On the “woke right”:
BW: One of the things that I’ve been wanting to ask you about is this thing that is being described as the “woke right.” So if we had the woke left, which you write about so powerfully in your book, Woke Racism. Now we have an illiberal right that is adopting a lot of the same tools as the woke left. Do you believe there is such a thing as the woke right?
JM: The right is certainly not woke to the same things that the woke left has been. And what we mean by “woke right” is that this right is as recreationally punitive and prosecutorial as the woke left was.
BW: The place where we began this conversation: The cover of your new book is purple. I think of you as a purple person, and that you are not easily categorized as red or blue. You’re politically independent, which means I think that puts you in a really important position as a cultural observer and commentator. As someone really angry and concerned about the direction we were heading in culturally, as a result of illiberalism from the left, how worried are you about the illiberalism from the right and the direction of our culture right now?
JM: I worry about illiberalism from the left because it continues, especially in academia and the arts. Academia and the arts is only one part of this great, wonderful world, but nevertheless, it is strangling creativity and sometimes even intelligence in too many fields. And so the Great Awokening is over. Wokeness from the left doesn’t have the power that it had five years ago, but it does hold on there. And I think, if I may, we certainly see its operations in how people often process the Gaza war.
BW: You want to say two more sentences about that, just so people know what you mean?
JM: And of course, it’s one thing to say that the Great Awokening is over, but then to see what’s going on on our campuses, for example, and the utter intolerance of alternate views from people who are against Israel’s actions in Gaza and are also against Israel’s existence. The intransigence, the impossibility of conversation of any kind, that’s very 2020. To say woke is gone sometimes feels like what we really mean is just that it’s retracted a little bit and changed its locations.

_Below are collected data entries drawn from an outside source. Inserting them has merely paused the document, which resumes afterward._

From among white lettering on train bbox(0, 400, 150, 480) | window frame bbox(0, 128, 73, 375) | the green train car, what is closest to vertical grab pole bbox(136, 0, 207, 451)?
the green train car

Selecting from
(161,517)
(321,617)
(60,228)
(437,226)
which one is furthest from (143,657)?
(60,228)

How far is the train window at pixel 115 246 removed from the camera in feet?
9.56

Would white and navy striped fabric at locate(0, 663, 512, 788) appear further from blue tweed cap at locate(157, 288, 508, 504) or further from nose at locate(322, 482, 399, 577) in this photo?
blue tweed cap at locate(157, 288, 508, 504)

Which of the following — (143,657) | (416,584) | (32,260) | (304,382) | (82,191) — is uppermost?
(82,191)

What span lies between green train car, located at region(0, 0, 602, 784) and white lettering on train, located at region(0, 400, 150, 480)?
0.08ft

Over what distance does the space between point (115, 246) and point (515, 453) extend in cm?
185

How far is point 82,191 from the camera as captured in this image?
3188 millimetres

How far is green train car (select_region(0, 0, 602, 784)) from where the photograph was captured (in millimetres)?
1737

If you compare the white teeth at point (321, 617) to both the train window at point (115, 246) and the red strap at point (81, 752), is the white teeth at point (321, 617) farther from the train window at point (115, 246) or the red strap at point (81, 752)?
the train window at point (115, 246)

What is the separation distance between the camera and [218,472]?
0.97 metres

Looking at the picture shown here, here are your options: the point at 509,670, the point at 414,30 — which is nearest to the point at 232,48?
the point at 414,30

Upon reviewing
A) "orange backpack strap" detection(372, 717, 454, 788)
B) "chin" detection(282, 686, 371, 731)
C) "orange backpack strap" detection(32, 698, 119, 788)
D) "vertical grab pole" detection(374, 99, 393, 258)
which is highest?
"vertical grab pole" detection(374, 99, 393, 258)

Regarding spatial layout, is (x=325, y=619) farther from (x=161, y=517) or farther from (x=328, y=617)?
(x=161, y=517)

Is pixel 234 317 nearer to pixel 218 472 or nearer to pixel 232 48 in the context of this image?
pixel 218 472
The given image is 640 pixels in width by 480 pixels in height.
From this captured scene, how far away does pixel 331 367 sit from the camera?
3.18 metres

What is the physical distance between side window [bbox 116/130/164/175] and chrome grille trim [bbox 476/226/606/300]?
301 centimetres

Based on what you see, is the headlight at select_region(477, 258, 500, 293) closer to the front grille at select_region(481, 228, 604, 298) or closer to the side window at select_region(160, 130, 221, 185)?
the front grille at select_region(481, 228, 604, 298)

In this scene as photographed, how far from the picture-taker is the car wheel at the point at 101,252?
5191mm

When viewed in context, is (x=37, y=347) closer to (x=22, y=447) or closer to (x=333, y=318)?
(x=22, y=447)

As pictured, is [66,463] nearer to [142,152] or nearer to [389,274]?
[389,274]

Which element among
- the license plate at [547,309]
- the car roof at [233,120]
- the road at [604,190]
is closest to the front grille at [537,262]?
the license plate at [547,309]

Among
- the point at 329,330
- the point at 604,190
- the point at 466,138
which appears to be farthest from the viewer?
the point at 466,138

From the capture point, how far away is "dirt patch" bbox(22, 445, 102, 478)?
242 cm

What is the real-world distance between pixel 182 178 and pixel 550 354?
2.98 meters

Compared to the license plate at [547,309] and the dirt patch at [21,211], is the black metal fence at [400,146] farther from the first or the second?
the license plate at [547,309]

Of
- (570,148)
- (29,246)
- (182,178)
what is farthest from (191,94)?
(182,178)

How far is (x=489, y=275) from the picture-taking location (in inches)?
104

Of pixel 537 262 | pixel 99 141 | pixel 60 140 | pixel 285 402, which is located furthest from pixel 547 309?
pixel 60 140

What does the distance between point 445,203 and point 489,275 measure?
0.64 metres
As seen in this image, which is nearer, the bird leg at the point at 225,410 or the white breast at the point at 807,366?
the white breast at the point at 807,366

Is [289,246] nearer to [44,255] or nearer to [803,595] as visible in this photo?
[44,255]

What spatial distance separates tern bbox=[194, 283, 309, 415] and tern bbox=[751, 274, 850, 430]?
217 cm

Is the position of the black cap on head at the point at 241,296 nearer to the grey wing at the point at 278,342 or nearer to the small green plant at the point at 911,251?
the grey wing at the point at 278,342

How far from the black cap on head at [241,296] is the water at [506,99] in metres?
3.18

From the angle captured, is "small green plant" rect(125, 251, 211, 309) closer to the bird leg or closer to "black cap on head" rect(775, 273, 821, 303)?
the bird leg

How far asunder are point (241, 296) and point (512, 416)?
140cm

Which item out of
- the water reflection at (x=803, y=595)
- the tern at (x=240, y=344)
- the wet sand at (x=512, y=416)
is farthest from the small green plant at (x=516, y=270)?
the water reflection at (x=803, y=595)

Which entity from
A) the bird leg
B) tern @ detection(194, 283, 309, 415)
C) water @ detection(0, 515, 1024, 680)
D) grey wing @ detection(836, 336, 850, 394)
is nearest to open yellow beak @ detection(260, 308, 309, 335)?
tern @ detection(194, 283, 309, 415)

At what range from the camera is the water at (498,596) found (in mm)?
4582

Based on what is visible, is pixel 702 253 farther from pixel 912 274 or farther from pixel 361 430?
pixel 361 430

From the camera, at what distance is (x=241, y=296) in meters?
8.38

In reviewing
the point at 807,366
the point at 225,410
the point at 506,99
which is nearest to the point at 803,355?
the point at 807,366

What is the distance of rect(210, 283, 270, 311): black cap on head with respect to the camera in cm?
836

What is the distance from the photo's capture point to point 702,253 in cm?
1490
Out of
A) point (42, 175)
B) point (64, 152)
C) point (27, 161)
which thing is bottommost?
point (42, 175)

From the right, it’s frightening because we have an administration in power run by someone who has no business in the office, and has hired a clown car of a cabinet to help him not run the country. And so there’s actual power there. Their actual funding policies—there are actual people being disappeared practically based on this kind of thought, which is not something that I had expected before. Some of these things many people would say are more concrete dangers than anything going on in the arts or somebody’s protesting the war in Gaza.
The illiberalism from both sides is very frightening to me. I wouldn’t write about it only from the left now. Now that would be shrill.
What you’re seeing is too many Americans who are incapable of talking to one another, incapable of seeing the other side. It’s a problem when people can’t have a coherent conversation. And that’s what we’re seeing.